**WORK ORDER**:
Skip the pictures and write out, word for word, the lines below from the one with "Fix it, and" through the one with "The next step", inclusive.

**STUDY MATERIAL**:

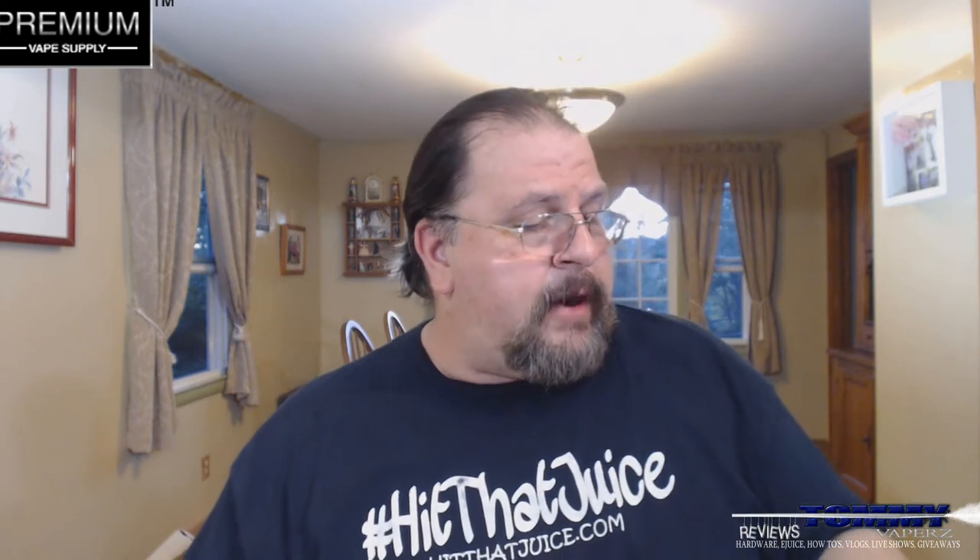Smelling this here, you're definitely getting those blueberry notes and those creamy notes, and a little bit of that raspberry. Getting those nice sweet and tart notes of the blueberry and that raspberry.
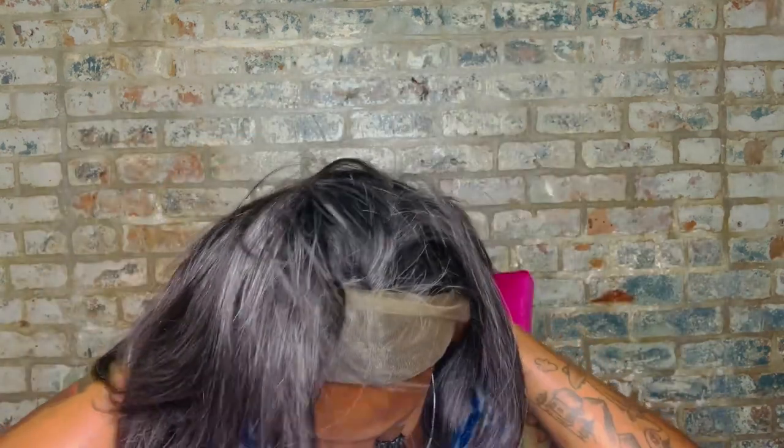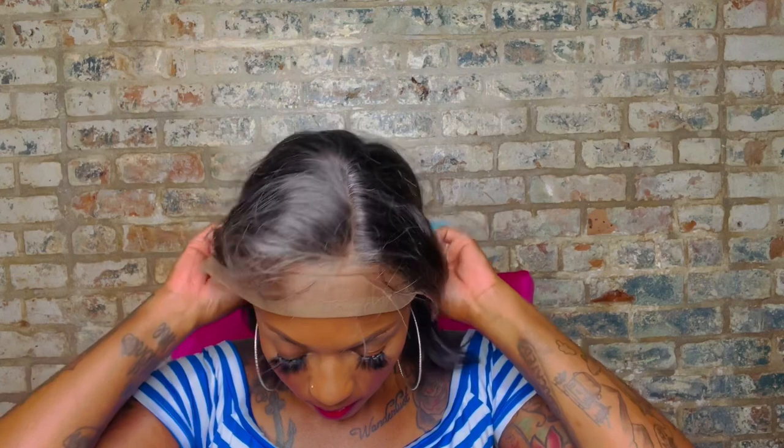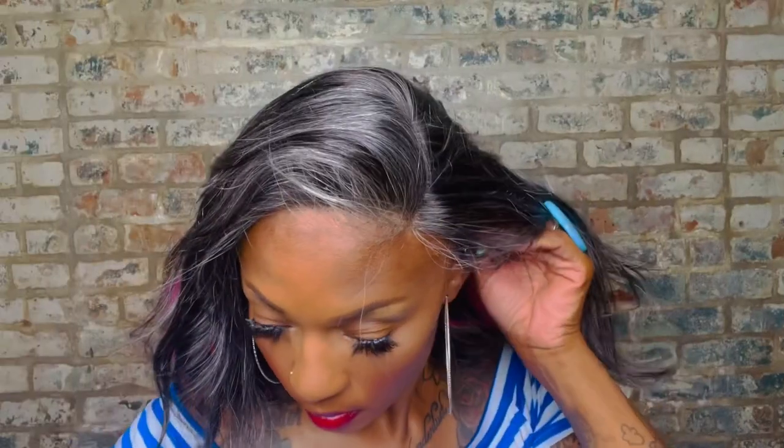I'm showing it to you guys fresh out of the pack before I cut off any lace. I'm going to have to adjust it because sometimes I feel like I got a little peanut head and this feels a little bit loose. But y'all know something like this is right up my alley once we straighten this out. This is the T-part. Let's play with this wig — be right back!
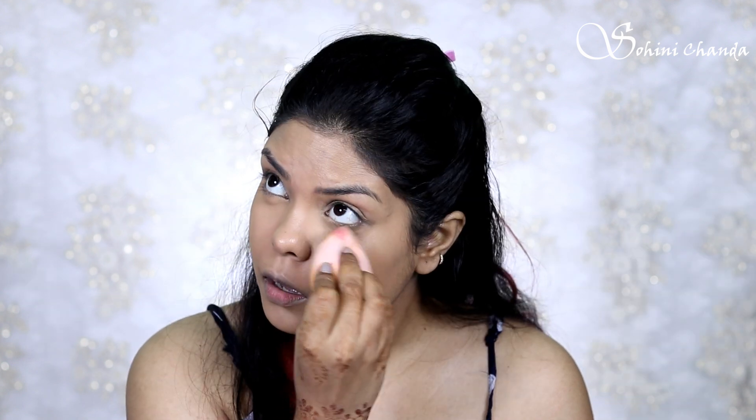My skin is moisturized and primed right now. To cover dark circles and blemishes, I'm using a little bit of foundation and powder. I'm going to do it quickly since you guys already know how I apply my foundation and set my base. I've done my base now — applied a little foundation and powder — and I also did my brows quickly.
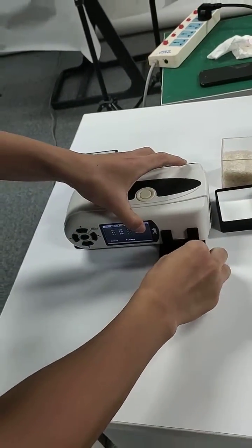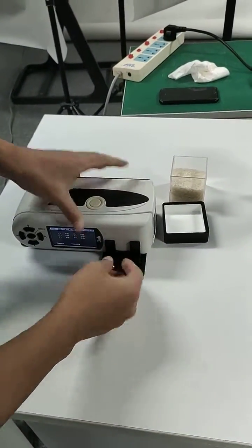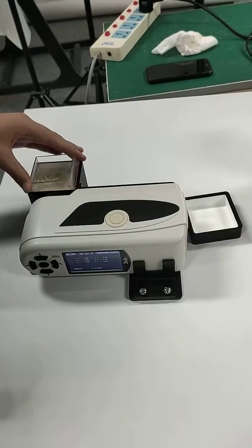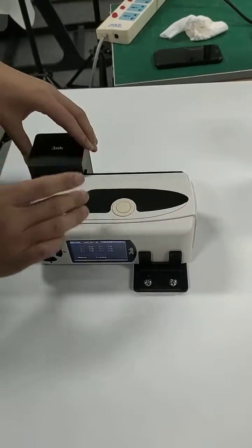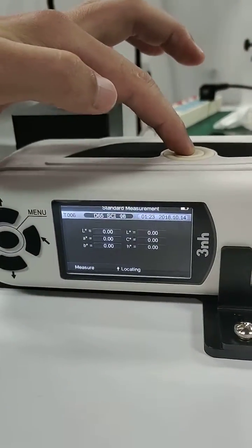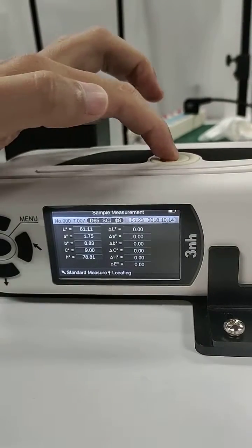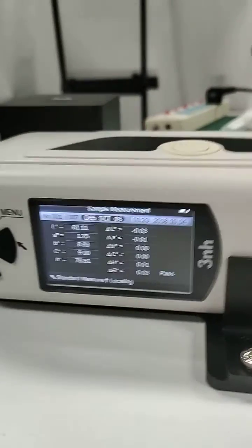Fix it, and then we put the powder sample into the cavity and cover it. We press the mirror button to mirror standard, and the measurement is finished.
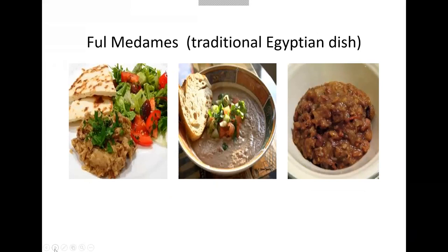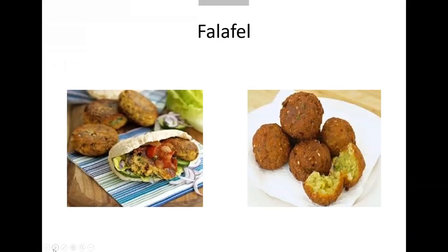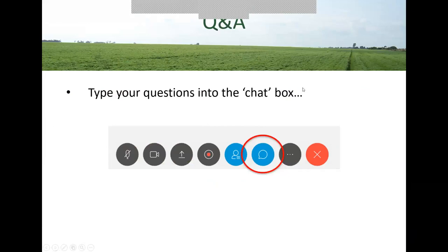Finally, to give you an idea of what your faba beans look like in consumers' hands in Egypt — there's a traditional Egyptian dish called ful medames, where faba beans are cooked in a spicy onion and tomato sauce. It's a breakfast food, very filling, and very traditional — most Egyptian families eat it for breakfast. And something you're probably more familiar with is falafel — faba beans are split first and ground into a very coarse flour, and that's how you make falafel. That's also very traditional food in Egypt.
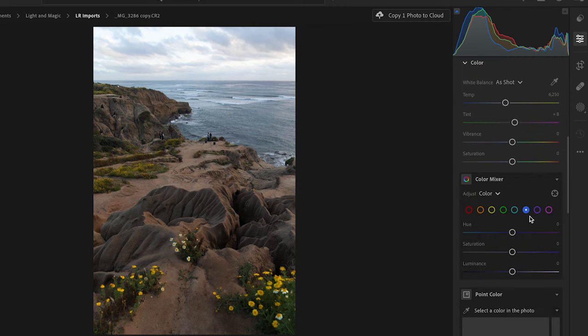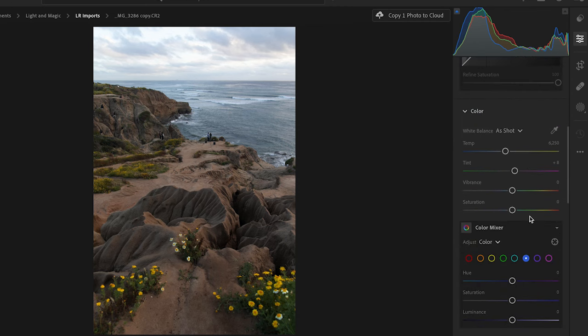The next step is to go down to white balance. Sometimes you can white balance based on something that should be white in the scene — you click the eyedropper and find a white or similar color. In these waves, we can hover over them, pick that, and see what it does. I think that does a nice job — it warms it up nicely and already starts to bring out some of that nice warm tone in the photograph. I'll go ahead and leave it like that.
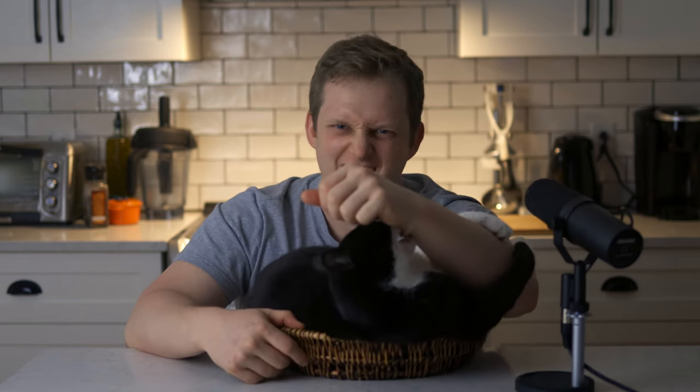Mr. Cat! Mr. Cat, ow. Mr. Cat, if you come near my house, guys, be careful. I got a dangerous cat, man. Dangerous cat.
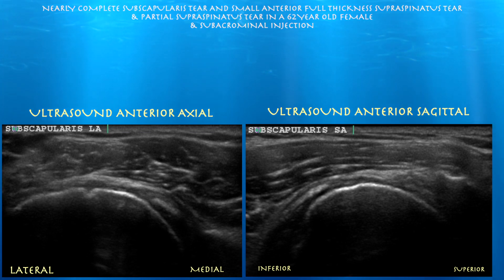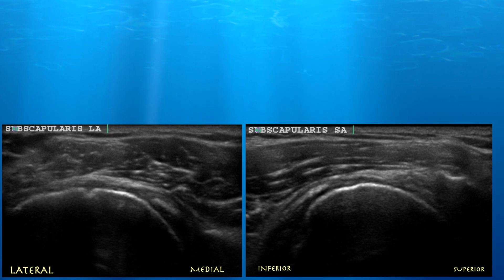I'm curious to see what this looks like on ultrasound. Her MRI was done about five months ago, so we'll see if there has been progression. The MRI also showed a high-grade articular-sided supraspinatus tear.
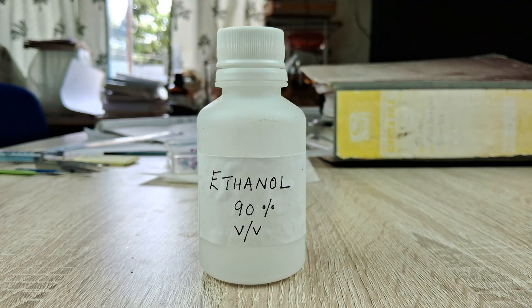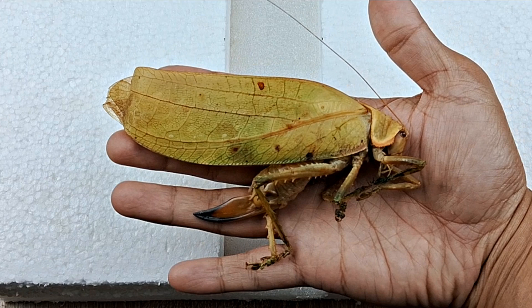You will also need isopropanol or ethanol of 80 or 90% concentration, and of course the specimen — in this case, a giant false-leaf katydid.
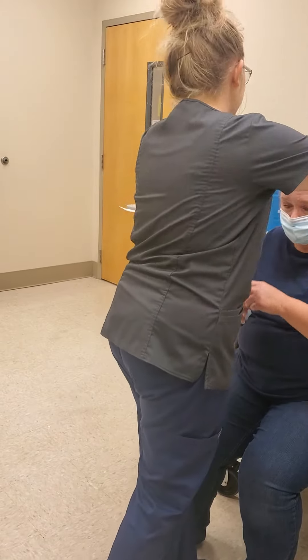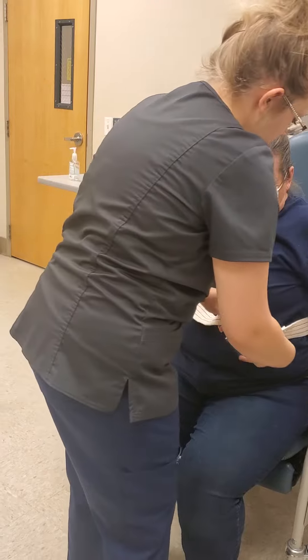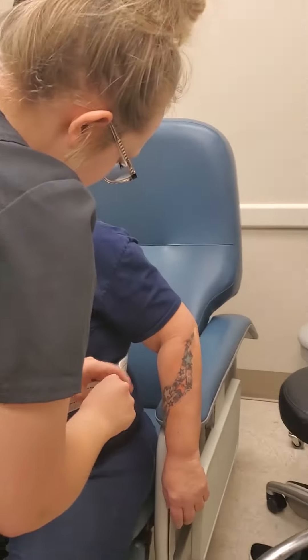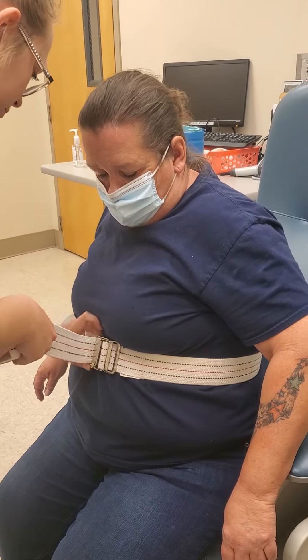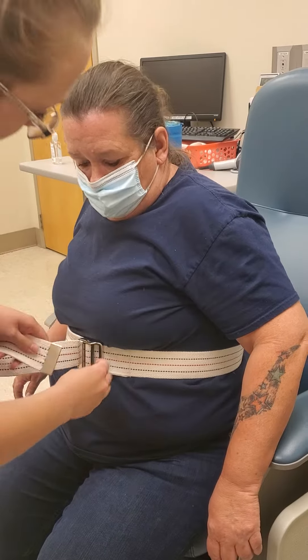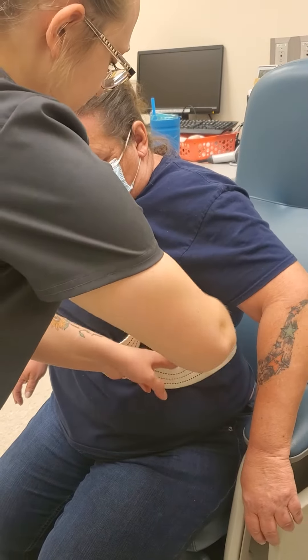I'm going to put this around you on your upper torso. I'm going to make it pretty snug. Okay, just put four fingers in there. I'm going to tuck this side in.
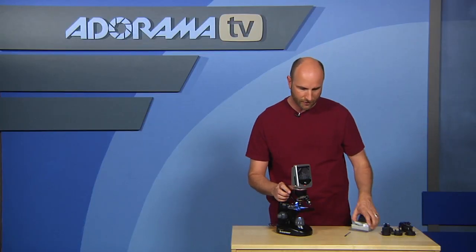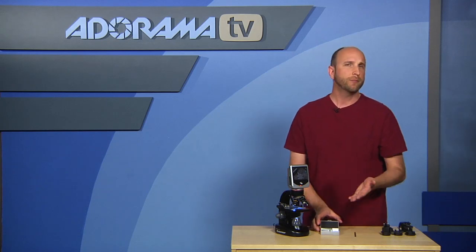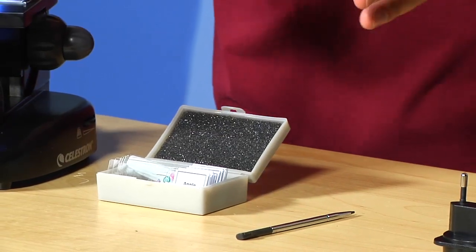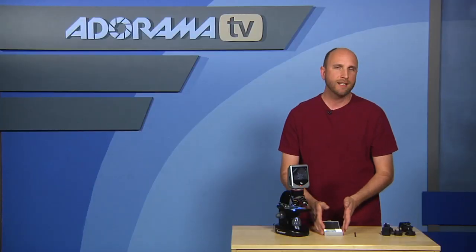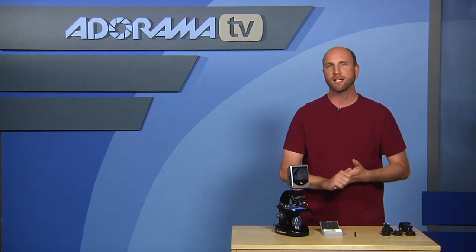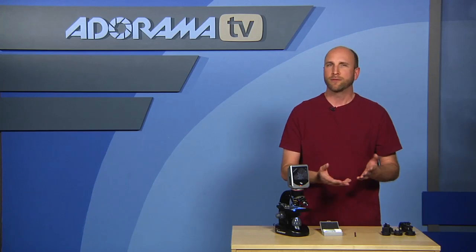In addition to the wood pine slide I have in there, the kit comes with seven pieces including a bunch of prepared slides. If you don't know how to prepare slides and you're just curious, they come right in the box. You can also buy additional slides of all kinds of things, or order blank slides and make your own — put whatever you want in there.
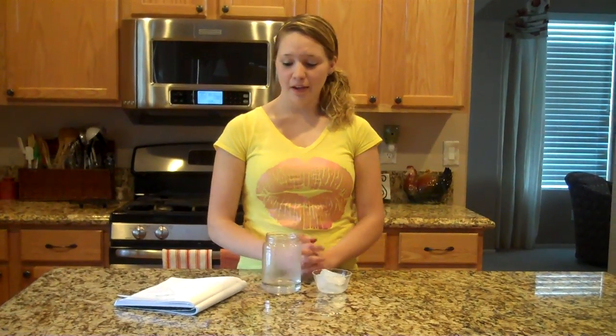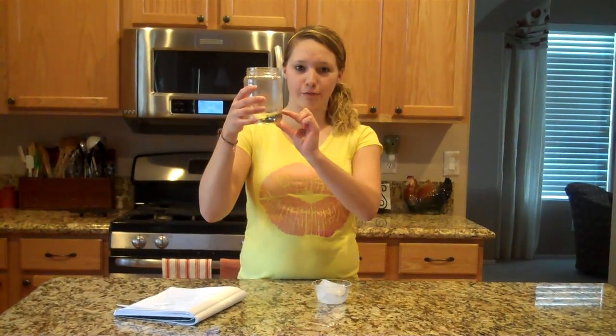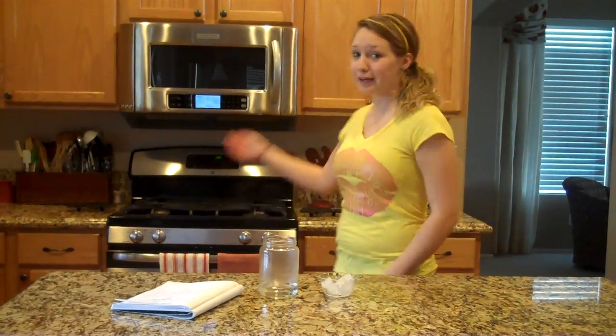Today we are going to make rain. Here's what you need: a glass jar with a small amount of water, a small glass bowl, ice, and a microwave.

**ANSWER TO THIS TASK**:
Fix it, and then we put the powder sample into the cavity and cover it. We press the mirror button to mirror standard, and the measurement is finished.
Finally, to give you an idea of what your faba beans look like in consumers' hands in Egypt — there's a traditional Egyptian dish called ful medames, where faba beans are cooked in a spicy onion and tomato sauce. It's a breakfast food, very filling, and very traditional — most Egyptian families eat it for breakfast. And something you're probably more familiar with is falafel — faba beans are split first and ground into a very coarse flour, and that's how you make falafel. That's also very traditional food in Egypt.
The next step is to go down to white balance. Sometimes you can white balance based on something that should be white in the scene — you click the eyedropper and find a white or similar color. In these waves, we can hover over them, pick that, and see what it does. I think that does a nice job — it warms it up nicely and already starts to bring out some of that nice warm tone in the photograph. I'll go ahead and leave it like that.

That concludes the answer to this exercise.